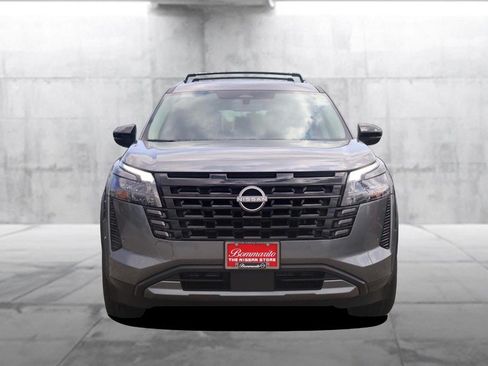 New 2026 Nissan Pathfinder SL w/ SL Premium Package AWD/4WD image 4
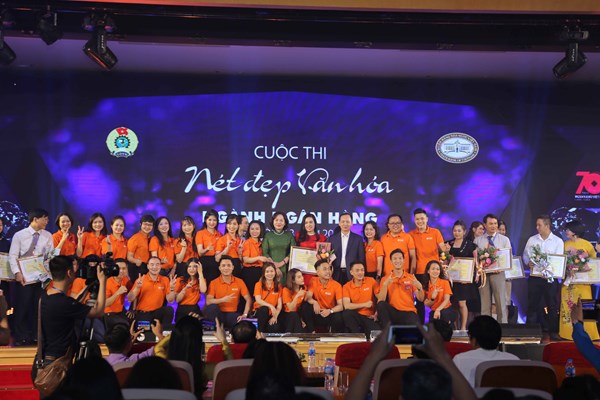 Trao giải cuộc thi: “Nét đẹp Văn hóa ngành Ngân hàng” - Anh 9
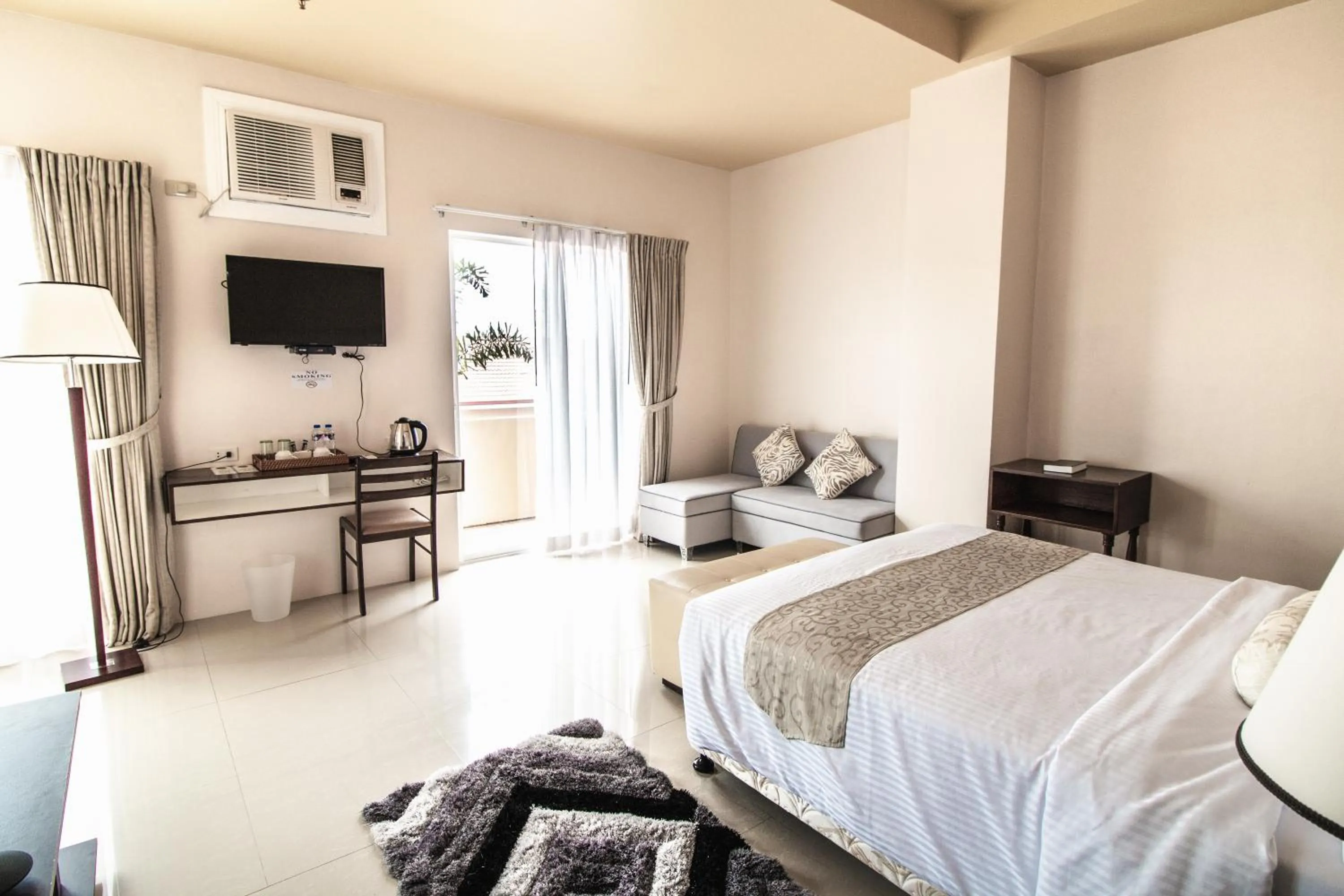 TV and multimedia, Bed in Sierra Hotel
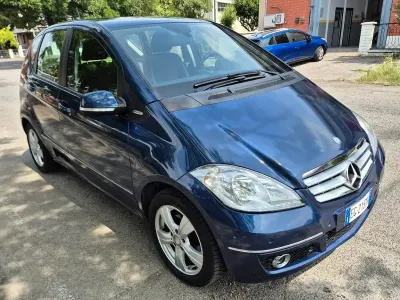 Usata Mercedes A180 Premium 109 CV (80 kW) 2010 Blu Berlina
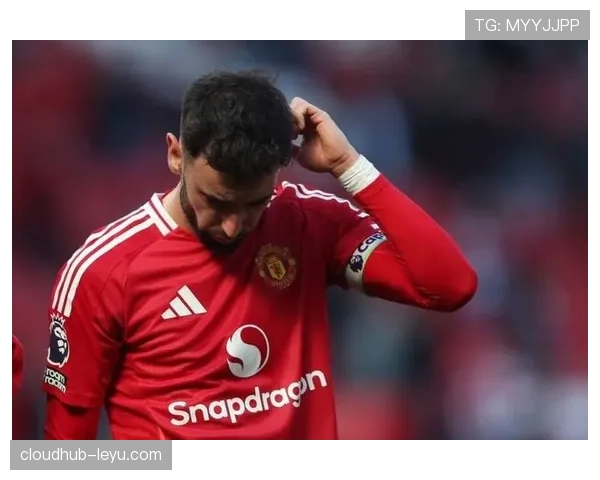 B费的失误数据是否阻碍曼联的进攻流畅性？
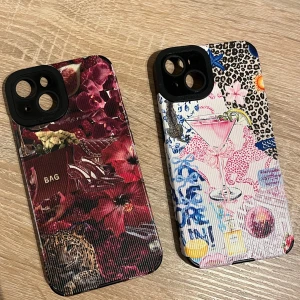 Två färgglada mobilskal med mönster - Säljer två unika mobilskal med coola collage-motiv. Ena skalet har röda och vinröda blommor, leopard och text, medan det andra har leopardmönster, rosa drink, sol och färgglada detaljer. Perfekt för dig som vill sticka ut med din mobil! Säljer båda tillsammans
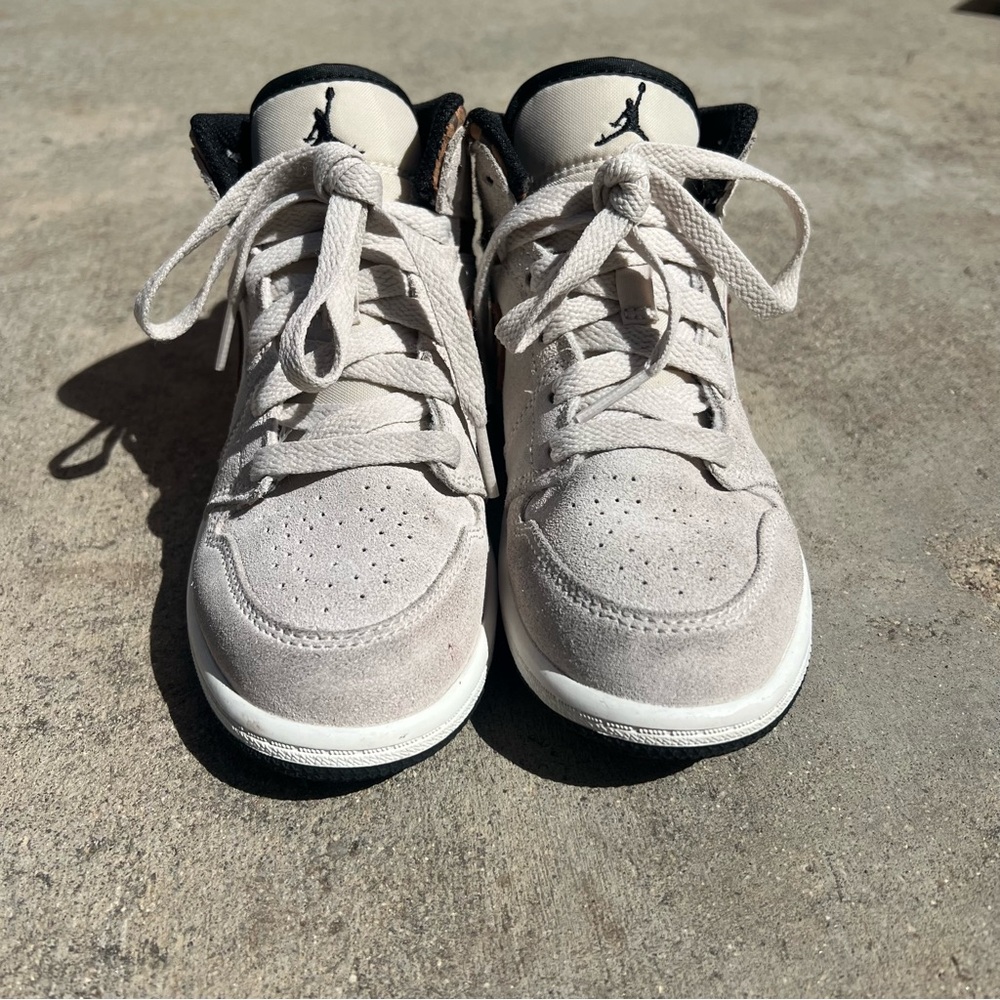 Air Jordan 1 Mid SE Sneakers Youth Kids 13 Shoes Brown Elephant DZ5370-102 - Picture 4 of 9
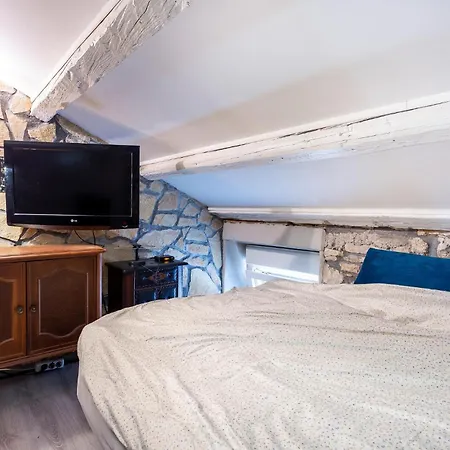 Cozy In Barban With Wifi Hébergement de vacances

- Exercise description
Take the lines from the first line of the entries through the line with "B费的失误数据是否阻碍曼联的进攻流畅性？", inclusive, and give them again exactly, minus any pictures.

- Problem solution
 New 2026 Nissan Pathfinder SL w/ SL Premium Package AWD/4WD image 4
 Trao giải cuộc thi: “Nét đẹp Văn hóa ngành Ngân hàng” - Anh 9
 TV and multimedia, Bed in Sierra Hotel
 Usata Mercedes A180 Premium 109 CV (80 kW) 2010 Blu Berlina
 B费的失误数据是否阻碍曼联的进攻流畅性？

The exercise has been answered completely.